A new look at the Tudors from the prolific author of Crown & Sceptre and The Private Lives of the Tudors.
Borman, the joint chief curator of England’s Historic Royal Palaces, delves deeply into two of the most influential women of the era. Anne Boleyn may have been a minor historical figure compared to her daughter, but the author delivers an insightful portrait. Spirited and cultured from many years in France, she fascinated Henry VIII, who was bored after 15 years with his first wife, Catherine, and frustrated by the lack of a male heir. As king, he had little difficulty acquiring mistresses, so her refusal to go to bed with him increased his ardor, and he married her. Her first child, Elizabeth, wasn’t male, several miscarriages followed, and “the qualities that had made Anne so alluring as a mistress—her…passionate nature, her obstinacy and outspokenness—had quickly become irksome in a wife.” Attracted by the more placid Jane Seymour, Henry had Anne beheaded in 1536. Royal children were raised by an army of attendants; their parents lived elsewhere, so readers should take with a grain of salt Borman’s statement that Anne was a major influence in her daughter’s life.
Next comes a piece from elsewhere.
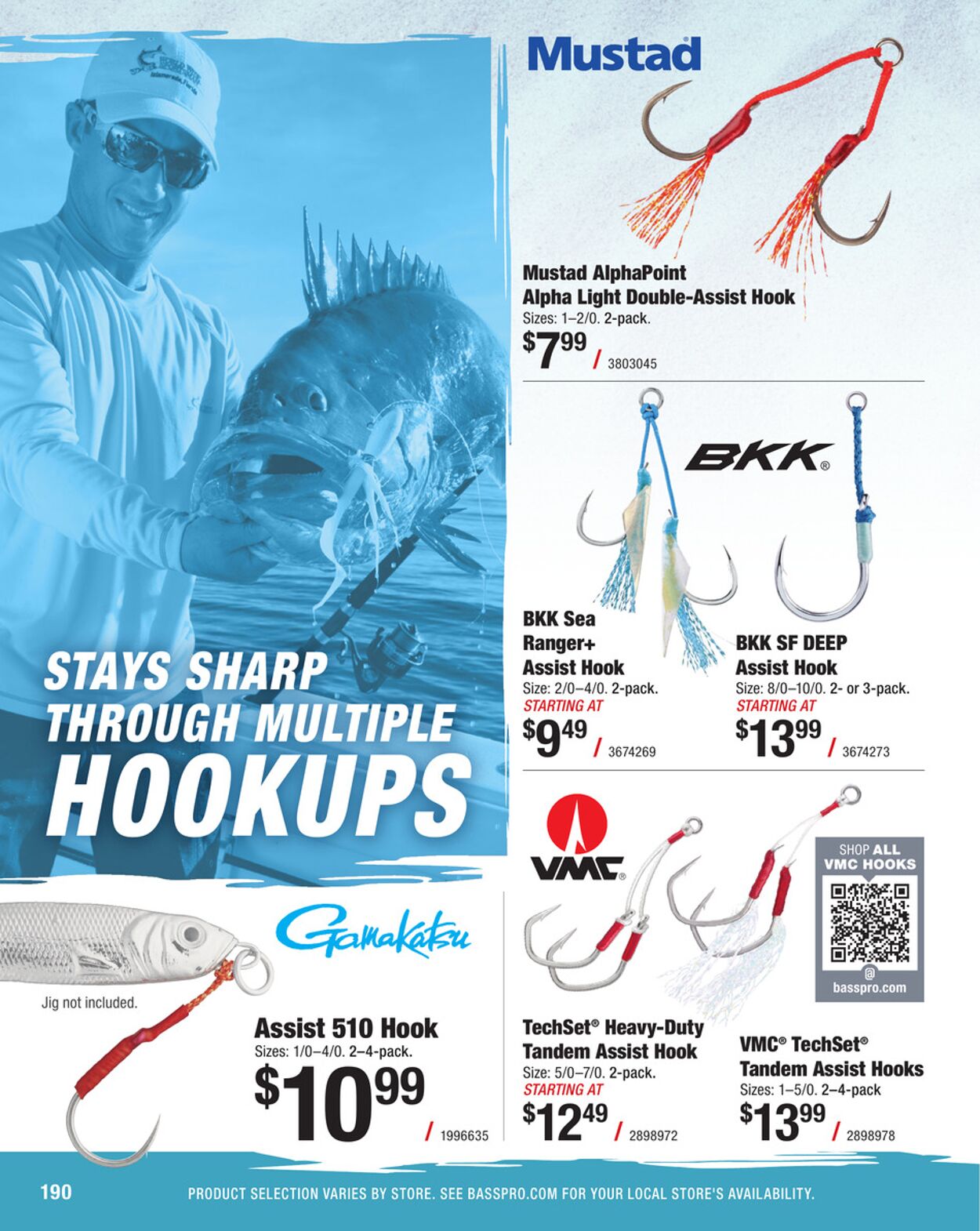 Weekly ad Cabela's 12/09/2025 - 12/23/2025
Elizabeth spent her first 14 years dealing with her father’s frightening mood swings and then another decade under two half siblings (Edward VI and Mary) who were no improvement. When she assumed the throne in 1558, she could learn from three predecessors, and historians agree that perhaps her most important decision was to treat them as bad examples. Borman’s detailed biography of Anne gives a minor role to politics and European affairs because she exerted little influence. Although Elizabeth I was a powerful world figure, the author gives her the same treatment, concentrating on her private life, family quarrels, and life at court. Readers will learn more about her wardrobe than the ongoing Reformation.
Very personal lives of two famous Elizabethans.